System A background system process that runs the Windows kernel.
svchost.exe with RPCSS Manages system services that run from dynamic-link libraries (files with the extension .dll) such as "Automatic Updates," "Windows Firewall," and "Plug and Play." Uses the Remote Procedure Call (RPC) Service (RPCSS).
svchost.exe with Dcom/PnP Manages system services that run from dynamic-link libraries (files with the extension .dll) such as "Automatic Updates," "Windows Firewall," and "Plug and Play." Uses the Distributed Component Object Model (DCOM) and Plug and Play (PnP) services.

For more

Service Permissions

Warning

If the NTFS permissions of the destination directory are configured with weak permissions, an attacker could replace the original executable with one created for malicious purposes.

Some built-in service accounts in Windows:

  • LocalService
  • NetworkService
  • LocalSystem

for example abusing the restart on failur feature

Alt text

PS> sc config SERVICE_NAME binPath=C:\Winbows\Perfectlylegitprogram.exe

# [SC] QueryServiceConfig SUCCESS

# SERVICE_NAME: wuauserv
#         TYPE               : 20  WIN32_SHARE_PROCESS
#         START_TYPE         : 3   DEMAND_START
#         ERROR_CONTROL      : 1   NORMAL
#         BINARY_PATH_NAME   : C:\Winbows\Perfectlylegitprogram.exe
#         LOAD_ORDER_GROUP   :
#         TAG                : 0
#         DISPLAY_NAME       : Windows Update
#         DEPENDENCIES       : rpcss
#         SERVICE_START_NAME : LocalSystem

A helpful way to examine service permissions using sc is through the sdshow command.

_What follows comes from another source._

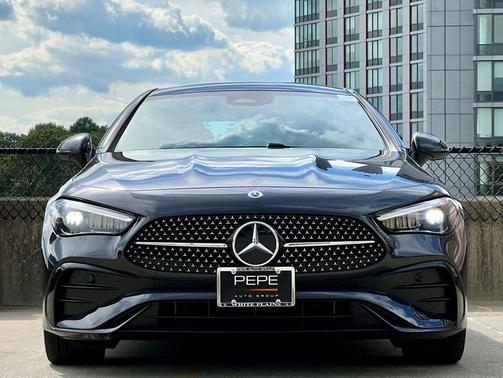 2025 Mercedes-Benz CLE 300 4MATIC Coupe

PS> sc sdshow SERVICE_NAME

Windows Processes

Processes run in the background on Windows systems. They either run automatically as part of the Windows operating system or are started by other installed applications.

Processes associated with installed applications can often be terminated without causing a severe impact on the operating system. Certain processes are critical and, if terminated, will stop certain components of the operating system from running properly.

Some examples include the Windows Logon Application, System, System Idle Process, Windows Start-Up Application, Client Server Runtime, Windows Session Manager, Service Host, and Local Security Authority Subsystem Service (LSASS) process.

Local Security Authority Subsystem Service (LSASS.exe)

lsass.exe is the process that is responsible for enforcing the security policy on Windows systems.

When a user attempts to log on to the system, this process verifies their log on attempt and creates access tokens based on the user's permission levels.

LSASS is also responsible for user account password changes. All events associated with this process (logon/logoff attempts, etc.) are logged within the Windows Security Log.

Note

LSASS is an extremely high-value target as several tools exist to extract both cleartext and hashed credentials stored in memory by this process.

Sysinternals Tools

https://learn.microsoft.com/en-us/sysinternals/

Sysinternals Live is a service that enables you to execute Sysinternals tools directly from the Web without hunting for and manually downloading them, (you can download them though!!)

PS> \\live.sysinternals.com\tools\TOOLNAME

The suite includes tools such as Process Explorer, an enhanced version of Task Manager, and Process Monitor, TCPView, PSExec.

Tip

Process Explorer is a part of the Sysinternals tool suite. This tool can show which handles and DLL processes are loaded when a program runs.